### Source material

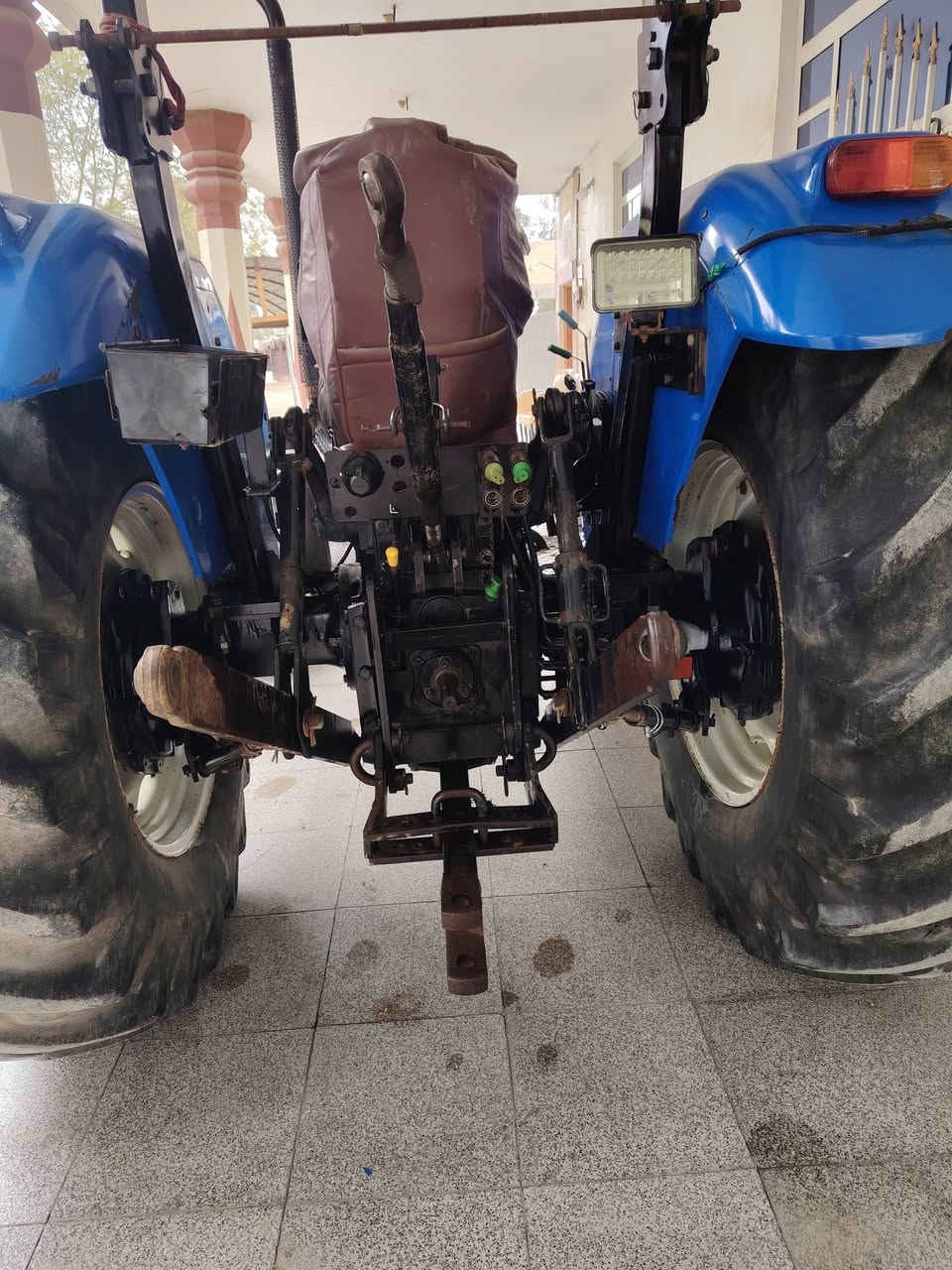 السلام عليكم
للبيع  نيوهولند مديل ٢٠١٦ وضع شركه كفاله عامه
جاهز سنويه وأرقام بابل
للاستفسار الاتصال على الرقم ***********
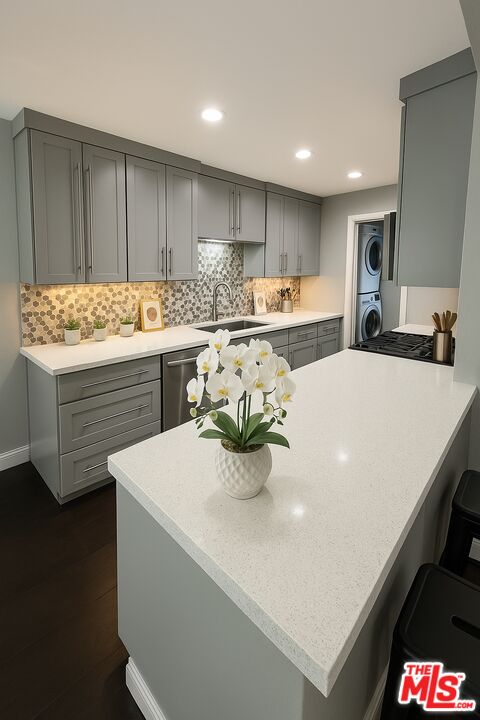 50 Elm Avenue, Unit 5 Long Beach, CA 90802 - Photo 7 of 44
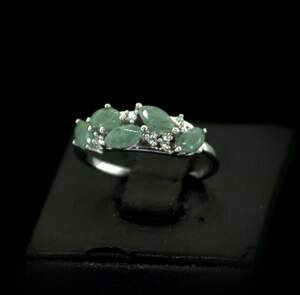 Срібна каблучка 925 проби 2,46 г з бразильськими Смарагдами класу АААА та цирконами 1,08 карат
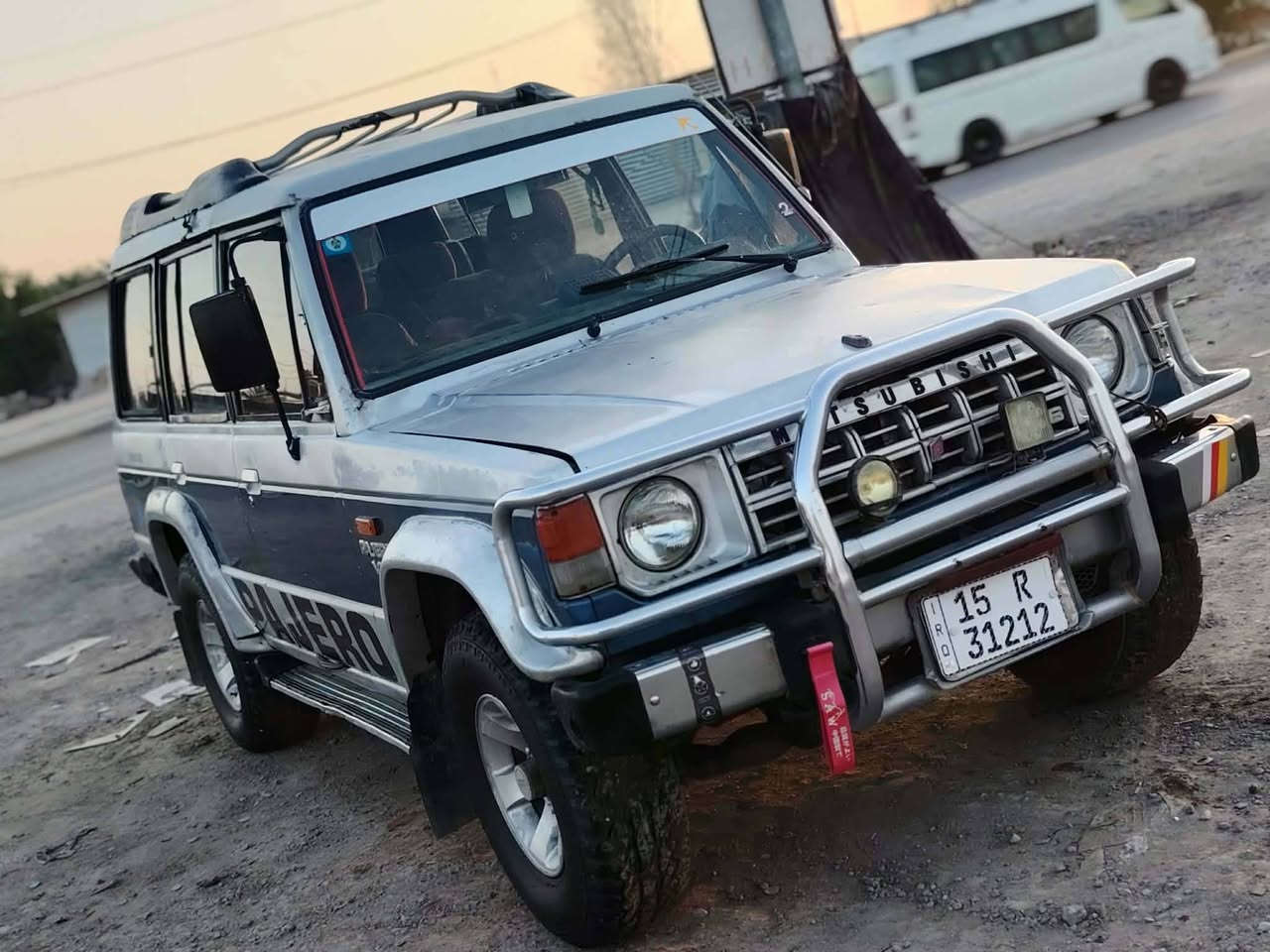 السلام عليكم للبيع سياره كالوبر  موديل 93    محرك فيفيتي كير ومكينه مكفول    تخم تاير حداديه جديده رقم انبار انكليزي  كهربائيات كله شغاله  دواخل نضيف  مكان بابل القاسم السعر خاص***********
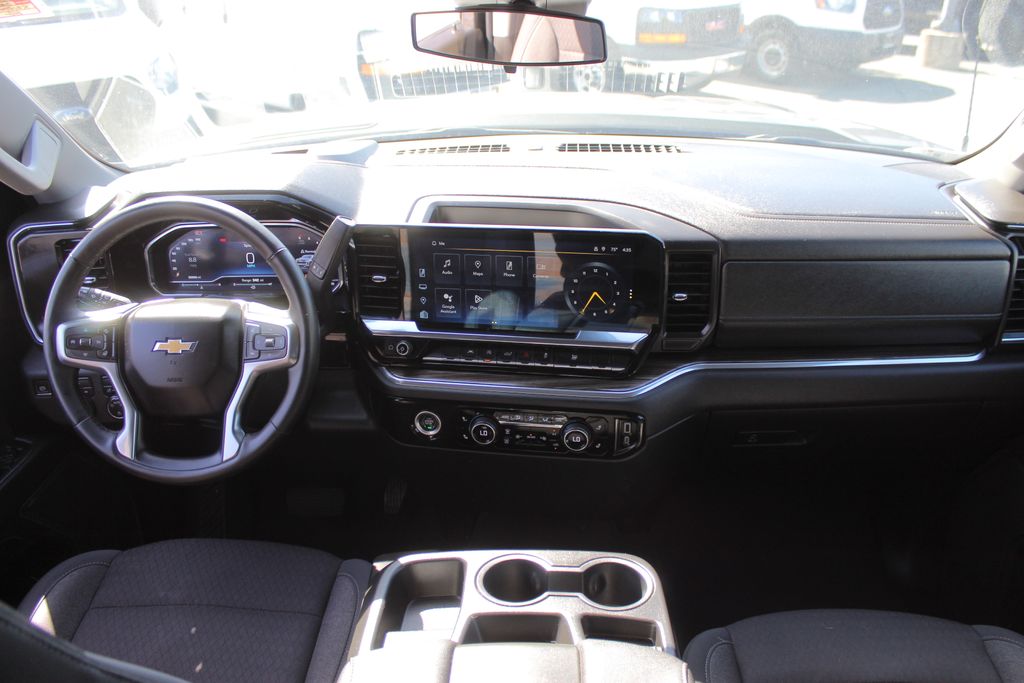 2024 Chevrolet Silverado 1500 LT photo 16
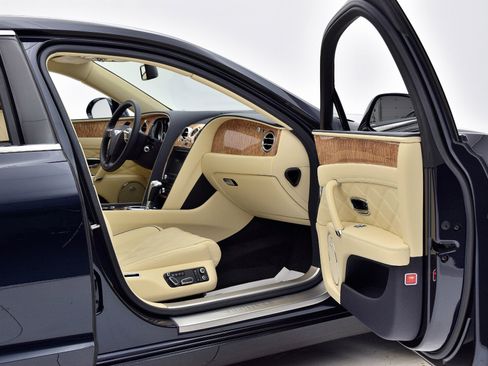 Used 2015 Bentley Flying Spur V8 AWD/4WD image 25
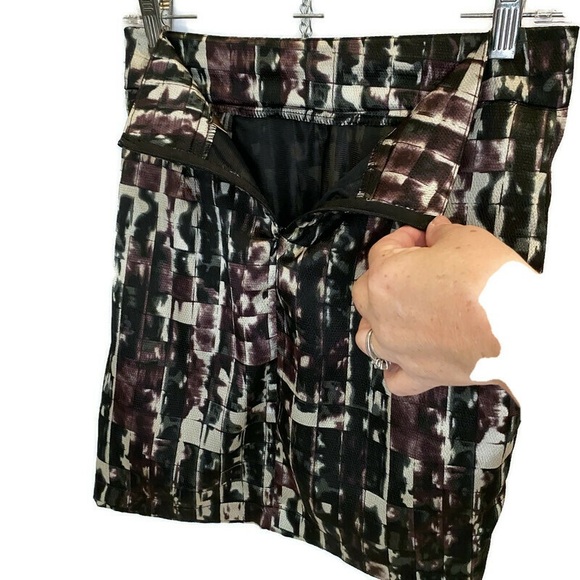 **SOLD** EUC Lush brand mini skirt w pockets - S - Picture 3 of 11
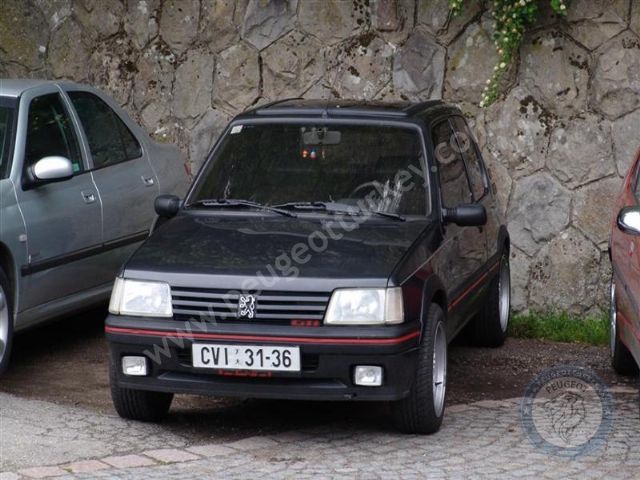 Peugeot 205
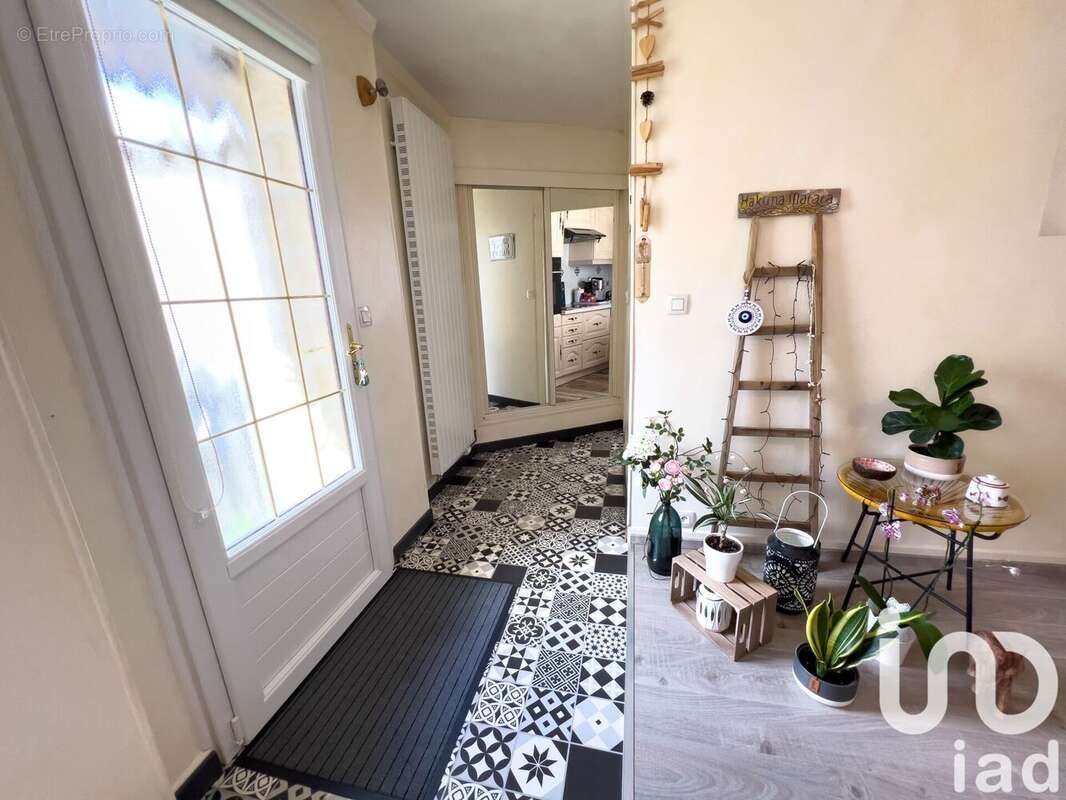 Photo 5 - Maison à VILLESENEUX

### Directions for this task
If a picture appears in the data, omit it; transcribe all the rest exactly.

### Written answer
 السلام عليكم
للبيع  نيوهولند مديل ٢٠١٦ وضع شركه كفاله عامه
جاهز سنويه وأرقام بابل
للاستفسار الاتصال على الرقم ***********
 50 Elm Avenue, Unit 5 Long Beach, CA 90802 - Photo 7 of 44
 Срібна каблучка 925 проби 2,46 г з бразильськими Смарагдами класу АААА та цирконами 1,08 карат
 السلام عليكم للبيع سياره كالوبر  موديل 93    محرك فيفيتي كير ومكينه مكفول    تخم تاير حداديه جديده رقم انبار انكليزي  كهربائيات كله شغاله  دواخل نضيف  مكان بابل القاسم السعر خاص***********
 2024 Chevrolet Silverado 1500 LT photo 16
 Used 2015 Bentley Flying Spur V8 AWD/4WD image 25
 **SOLD** EUC Lush brand mini skirt w pockets - S - Picture 3 of 11
 Peugeot 205
 Photo 5 - Maison à VILLESENEUX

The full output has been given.